Thus Britain has two medals at the same Winter Games for the first time since 1948, when they took bronze in the now discontinued Cresta run and, thanks to Jeanette Altwegg, the ladies' figure skating.
Britain's challenge in the rollerball-style short-track events had appeared doomed to failure here, what with Gooch's disqualification and the traumatic experiences of his colleague Wilf O'Reilly, who suffered damaged skates in both the 1,000 and 500 metres qualifying rounds, hearing of the failure of his appeal in the latter competition early yesterday.
But this 21-year-old from Barnes in south-west London has reacted ideally in adversity.
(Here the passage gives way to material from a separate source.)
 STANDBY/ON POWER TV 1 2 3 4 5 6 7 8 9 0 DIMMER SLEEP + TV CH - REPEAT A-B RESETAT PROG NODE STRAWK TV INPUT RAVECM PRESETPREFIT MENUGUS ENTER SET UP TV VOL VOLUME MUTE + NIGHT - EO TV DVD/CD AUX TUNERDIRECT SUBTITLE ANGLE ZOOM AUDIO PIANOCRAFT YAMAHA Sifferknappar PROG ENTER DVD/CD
Powerfully built, but worryingly pale, he has turned himself into a phlegmatic warrior since he lost his nerve at the last Games, where he fell in the opening round - 'I walked on the ice and thought 'God, I'm at the Olympics'.' The task has been aided by the attentions of his coach, Alan Luke, and a dedicated team that includes a physiotherapist, a physiologist and a psychologist.
'I have had a lot of disappointments in the last couple of years,' said Gooch, face dazed with the realisation of what he had just achieved, and with sweat beginning to break through his spiky fair hair. 'I have worked very hard on getting my mental approach right. The experiences have made me a lot stronger. I had to stay cool and relax and I knew I would come through in the end.
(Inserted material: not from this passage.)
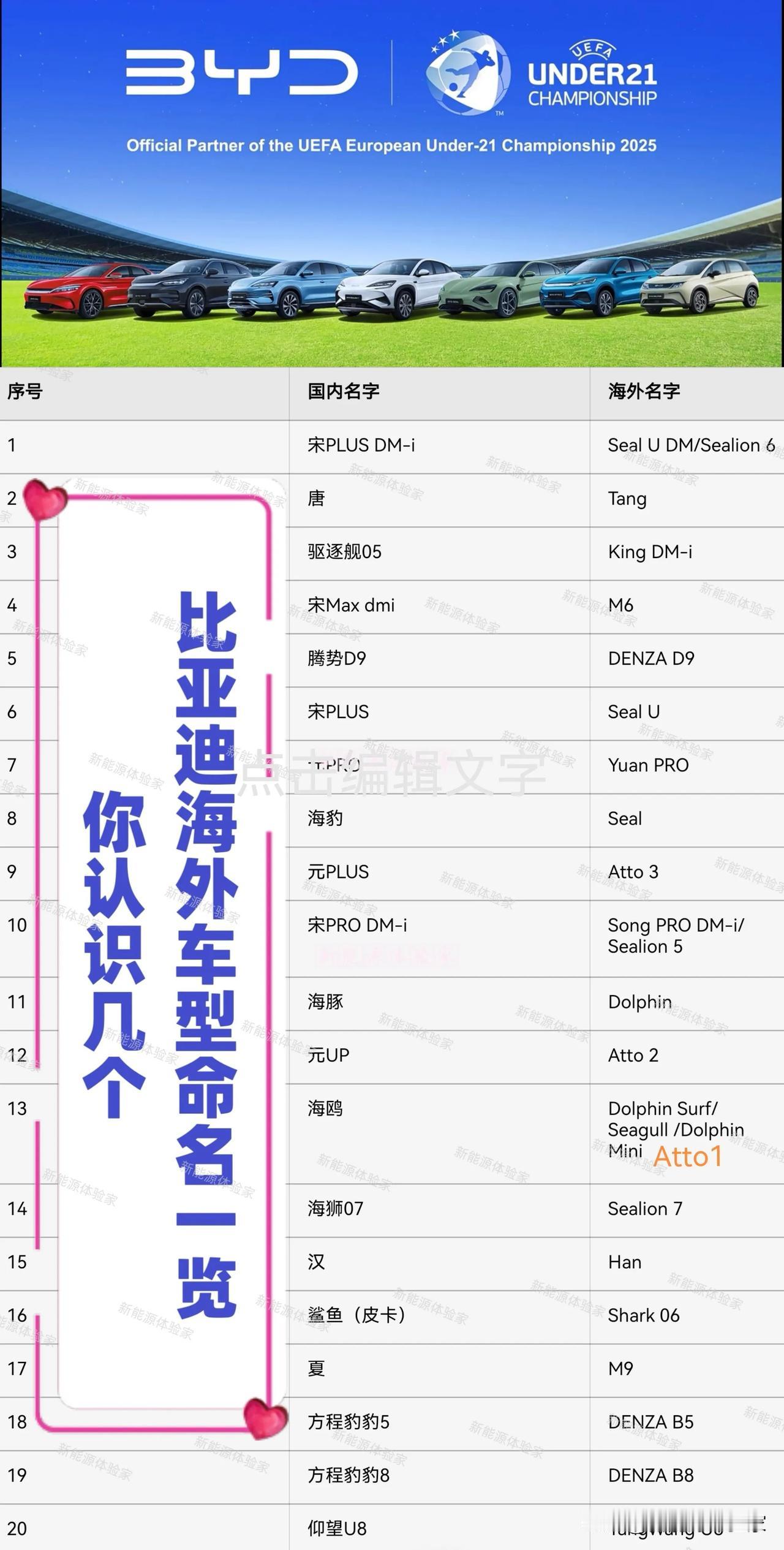BYD Atto1和 Atto2分别推出了没有智驾辅助但更具质价比的车型，新时代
'Wilf has been helping me out behind the scenes. The whole of the British team has been supportive to me after the 1,000 metres, saying 'you were really great' and 'we were really proud of you'.' Among the well-wishers was Christopher Dean, supplier of the earlier bronze with Jayne Torvill in the ice dance. 'He is staying in the same corridor at the Games village and he came over and said how well he thought I'd done.'
Gooch's chance came unexpectedly when Marc Gagnon, Canada's 18-year-old world champion, slid out of the reckoning with just over two of the four and a half laps remaining as he challenged for second place. Gooch was back in fourth place at the time. It happened as he said; he stayed cool and relaxed and came through in the end, finishing strongly behind Mirko Vuillermin, the Italian world record holder in a British record time of 43.68sec. The Italian relaxed on the line to allow Kim Ki-hoon of Korea to add to the gold he had won her over 1,000 metres in 43.45sec.
There was a strange symmetry in last night's events. When Gooch was disqualified, his medal passed to the only other finisher and Gagnon received the bronze as winner of the previous B final. Now the Briton benefited from the Canadian's ill fortune.
Next month Gooch, the European champion, will feel at home as he attempts to add a world medal - this year's world championships are being held at the Guildford Leisure Centre where he works as a maintainance assistant. He came to the Lillehammer Olympics as the junior partner to the unfortunate O'Reilly. He leaves with a wide open horizon.